Yuno Rech dans : \"Le champ de la vacuité" a écrit:La découverte de Zazen
Pendant Zazen, concentrez-vous sur la position de vos mains. La main gauche est dans la main droite. Les pouces horizontaux forment un large ovale avec les index. Dans cette position, les mains ne saisissent rien, ne fabriquent rien et cela influence l’esprit qui à son tour ne saisit rien et ne fabrique rien. Les mains qui ne saisissent rien, qui sont largement ouvertes, peuvent tout recevoir. Inversement, le poing fermé ne peut rien recevoir, ne peut rien accueillir. Si on ne va pas jusqu’au bout de l’expiration, les poumons ne peuvent pas accueillir l’air frais ; vider ses poumons est la condition de la respiration.

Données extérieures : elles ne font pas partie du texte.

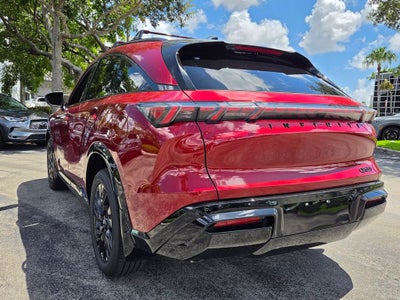 2027 INFINITI QX65 SPORT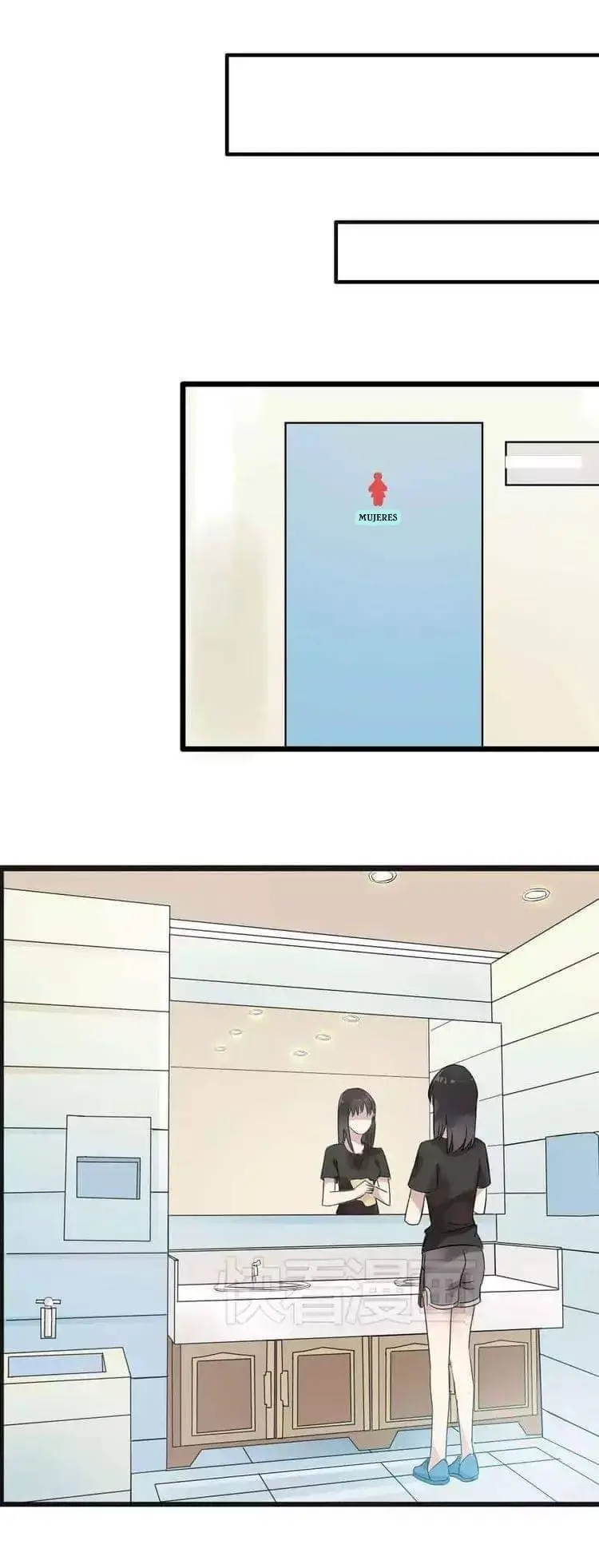 Amor en altura capítulo 9, página 9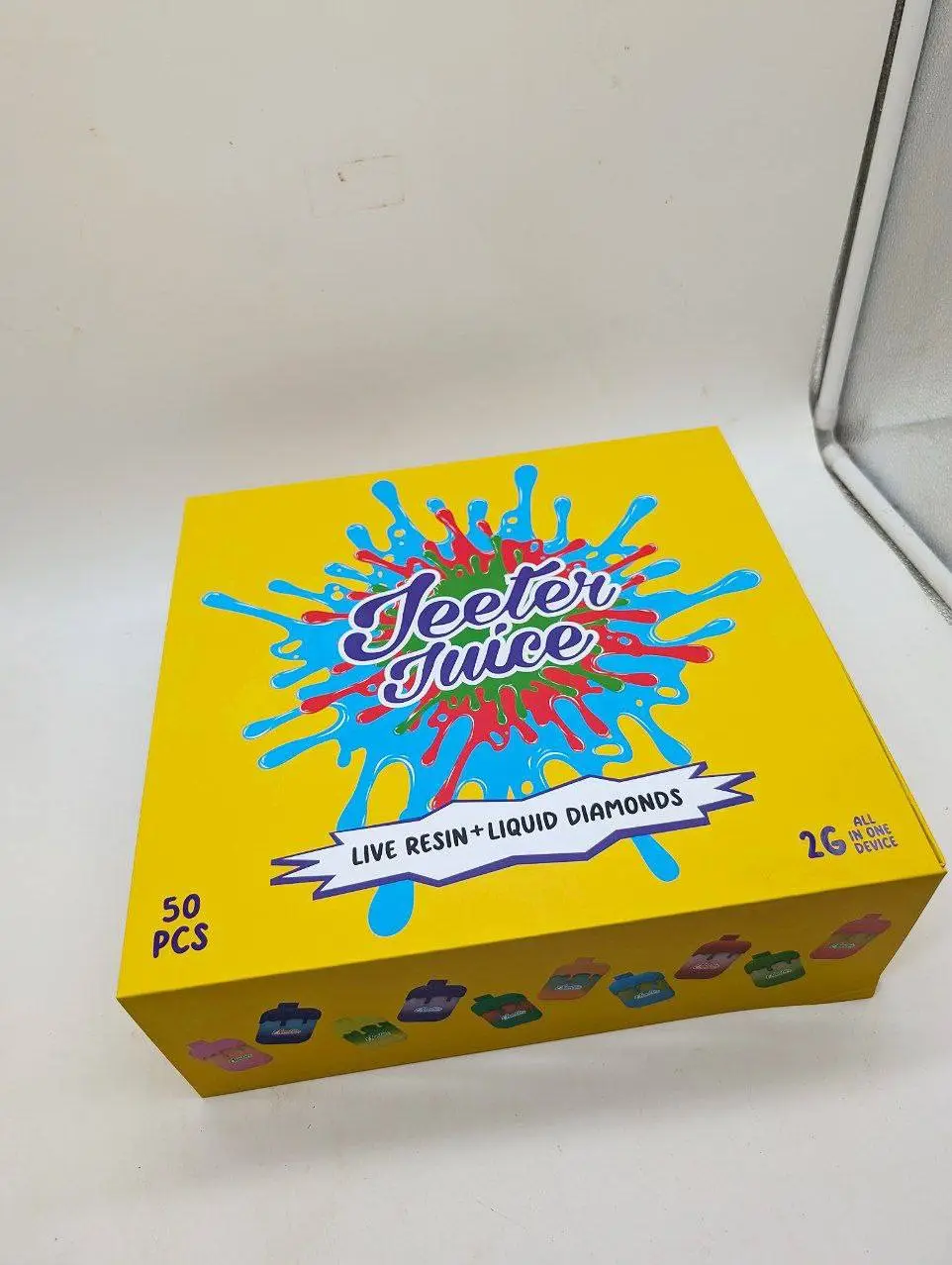 Jeeter Juice 2G Disposables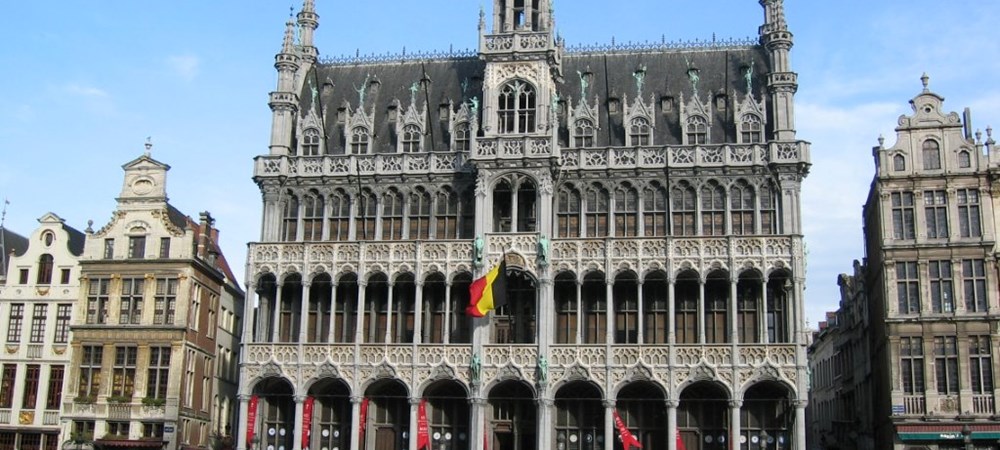 Brussels City Museum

En Zazen, ne pas s’attacher à ses pensées, les laisser passer sans les saisir, est la condition de l’apparition d’une pensée neuve, fraîche. Mais pour cela, il est important de passer par le point zéro de non-pensée, de retrouver un esprit vide, vacant.

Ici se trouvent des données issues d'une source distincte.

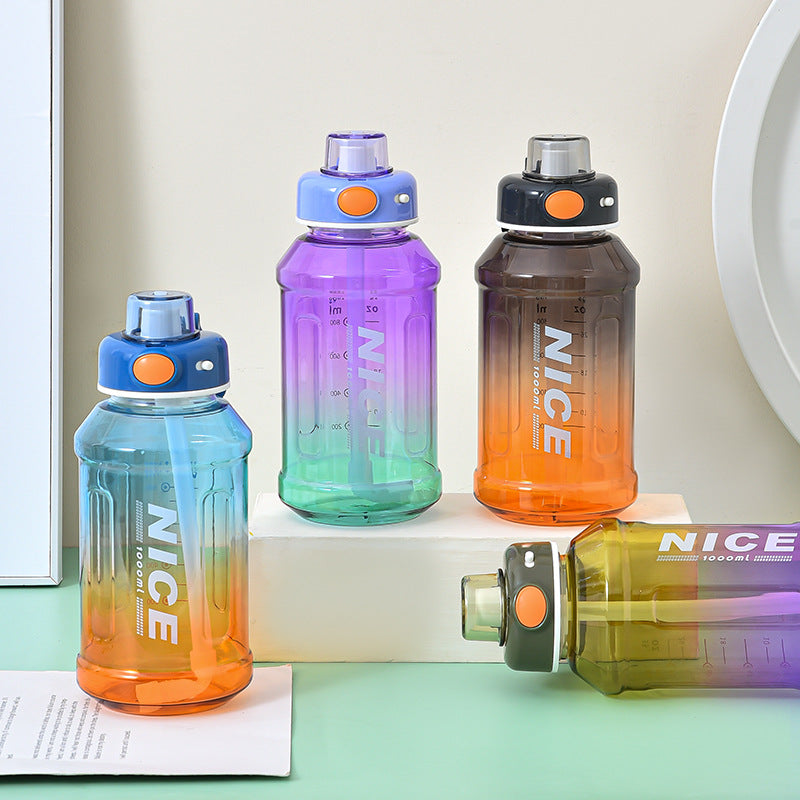 Women's Ergonomic Water Bottle Kalsten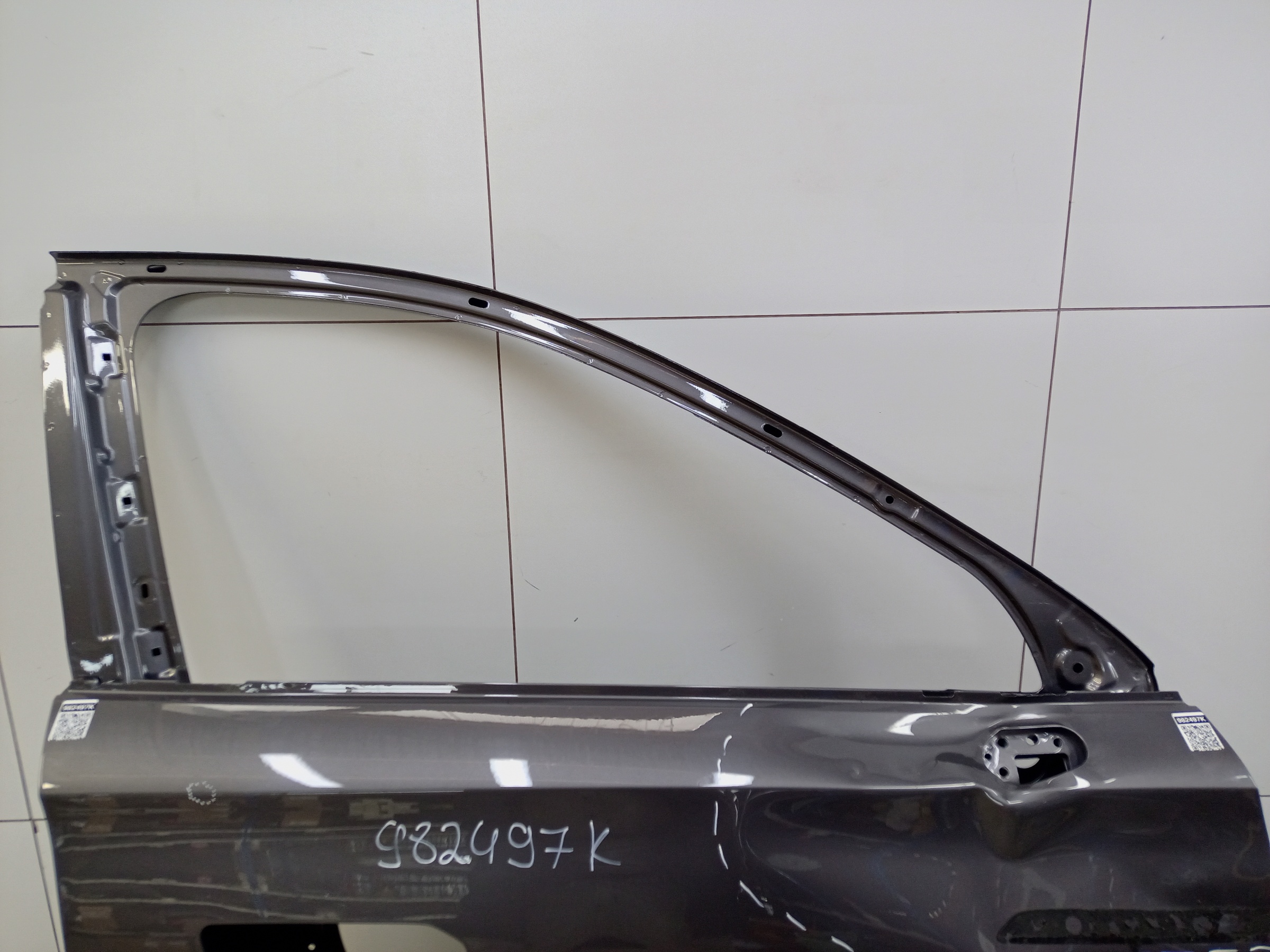 Дверь передняя правая Jaecoo J8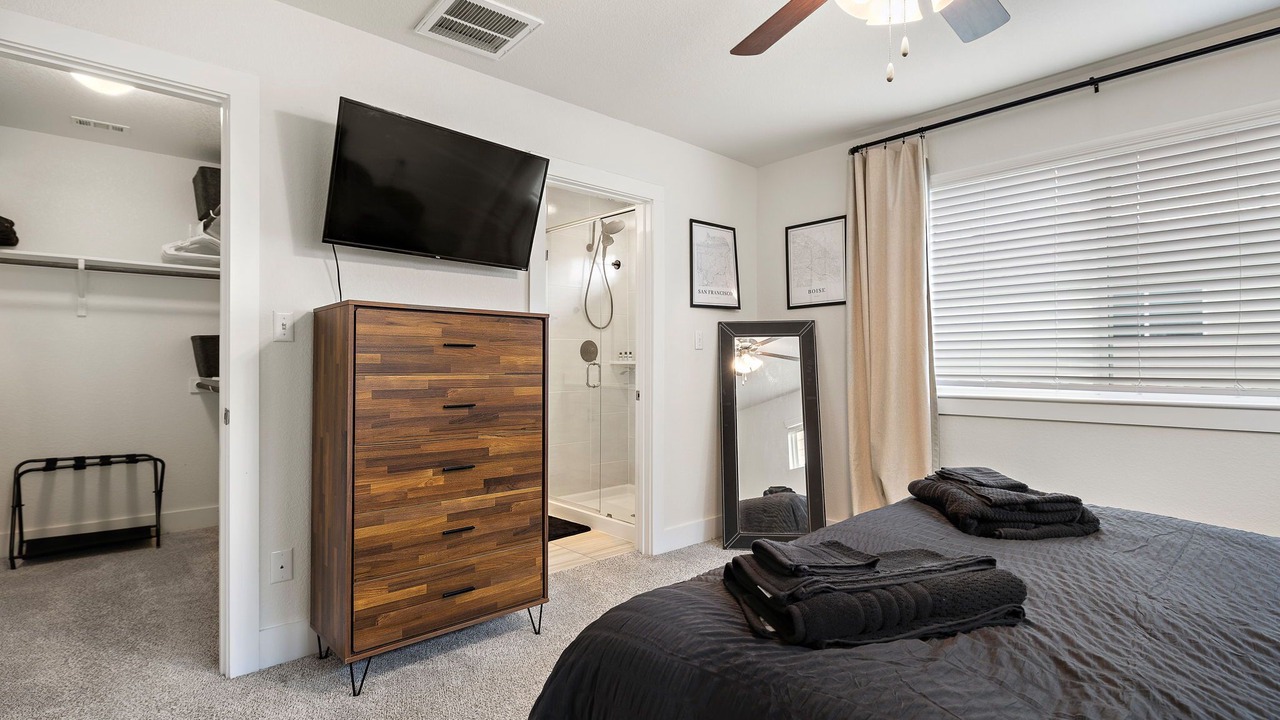 Photo of Bedroom in Georgetown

Maître Wanshi nous dit : « Ce vide n’a pas en lui-même de caractéristiques. » C’est ce qui permet à toutes choses d’exister. Pour qu’une chose existe, il faut qu’il y ait de la place pour la recevoir, l’accueillir. Il faut qu’il y ait du vide. Mais si on fait du vide quelque chose de substanciel, si on commence à vouloir le définir, alors ce vide devient un nouvel objet d’attachement. C’est pourquoi la vacuité doit être pratiquée dans le lâcher-prise. Elle ne doit pas être saisie en elle-même.
Nagarjuna disait que le Bouddha enseignait la vacuité de toutes choses pour permettre aux êtres de se libérer de leurs attachements. Mais ceux qui s’attachent à la vacuité sont incurables. Par exemple, j’ai évoqué la vacuité de l’esprit comme le point de non-pensée qui permet d’accueillir une pensée neuve, fraîche. Le vide n’est pas seulement l’absence de pensées. Nos propres pensées sont elles-mêmes vides, sans substance fixe.

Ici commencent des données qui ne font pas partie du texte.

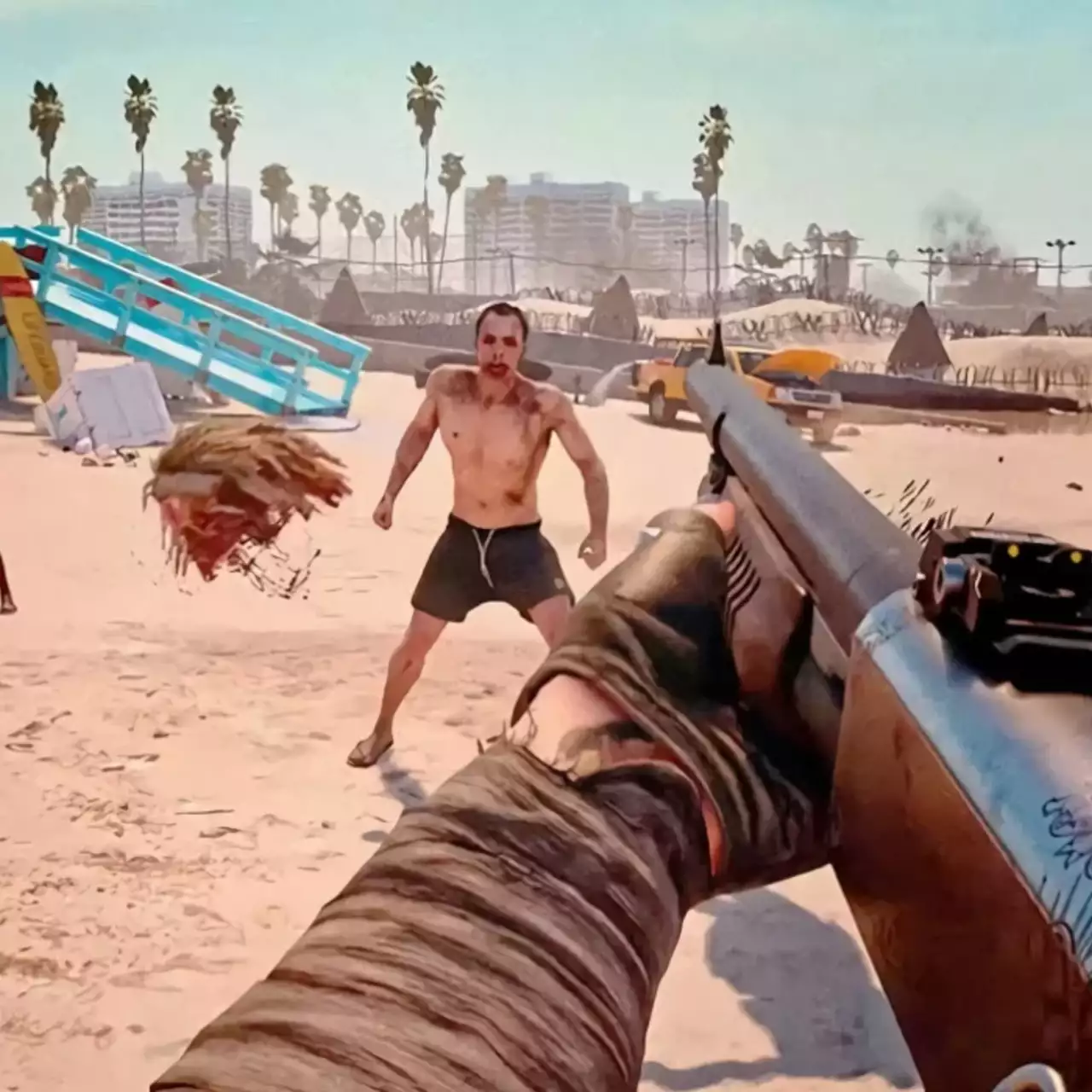 Показаны первые 11 минут прохождения Dead Island 2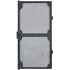 Lian Li Lancool 207 Front-Staubfilter - schwarz image number null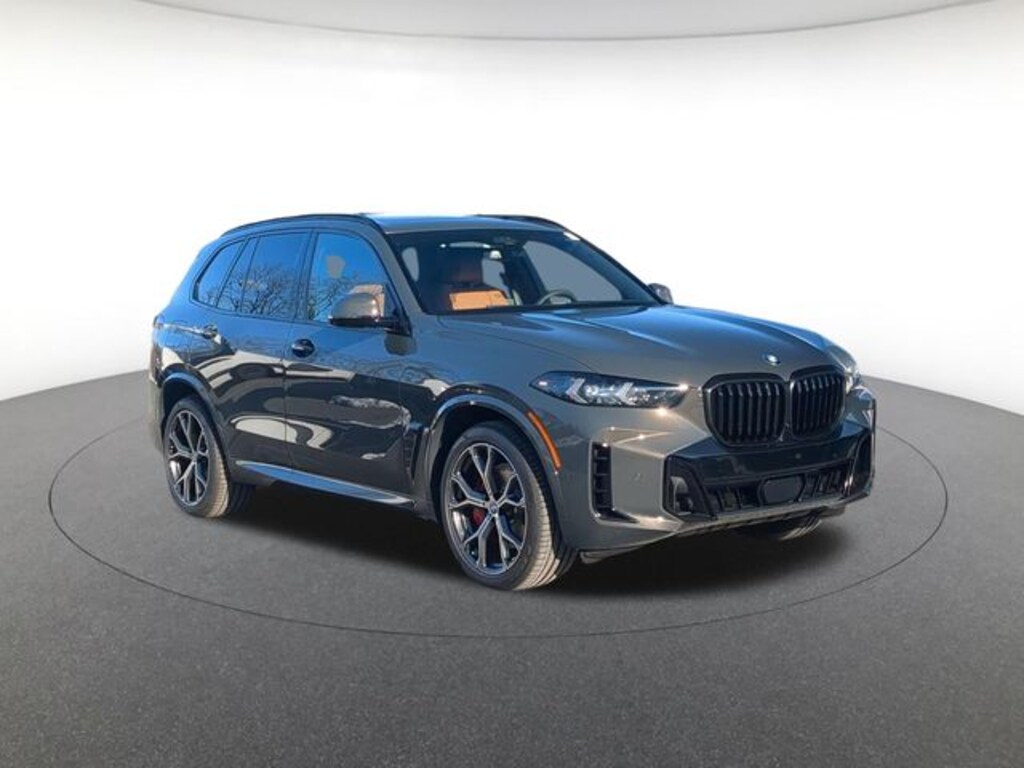 New 2026 BMW X5 xDrive40i SUV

Nous pensons avec des mots, des notions qui n’ont de sens que l’un par rapport à l’autre. Un mot en lui-même ne veut rien dire, il n’a de sens que par rapport à d’autres mots. Donc les mots sont vides. Ils n’ont pas de substance ni de signification par eux-mêmes mais sont en relation avec d’autres paroles, d’autres mots. Si on parle d’illusion, ce mot prend un sens par rapport à l’éveil à la réalité telle qu’elle est : sans éveil, pas d’illusion, sans illusions, pas d’éveil. Donc ces paroles sont vides. Cela ne veut pas dire qu’elles n’existent pas, mais que leur mode d’existence est d’être interdépendantes avec d’autres paroles.
Nous n’existons que dans l’interdépendance avec d’autres êtres. Ce mode d’existence qui est le nôtre, est aussi ce que l’on appelle vacuité. C’est le fait même de ne pas exister par soi-même. Mais ce n’est pas l’absence d’existence, c’est l’existence en relation. Aussi, rien ne demeure fixe.
En Zazen, on perçoit clairement que notre corps évolue du début à la fin du zazen. Même si on est immobile, les sensations changent. Même si on ne pense à rien volontairement, consciemment, l’esprit change sans cesse. Certains regrettent le changement, aimeraient bien trouver quelque chose de fixe sur quoi se reposer, s’appuyer, parce qu’ils ne voient dans le changement que la perte. Dans l’acceptation totale de cette impermanence qui implique notre totale interdépendance avec tous les êtres, cette perte nous permet d’accéder à autre chose, de nous transformer, de faire qu’un être humain ordinaire puisse devenir à tout instant un bouddha. Ceci n’est pas produit par zazen mais découvert par zazen. En ce sens, zazen est la découverte de ce que nous sommes depuis toujours.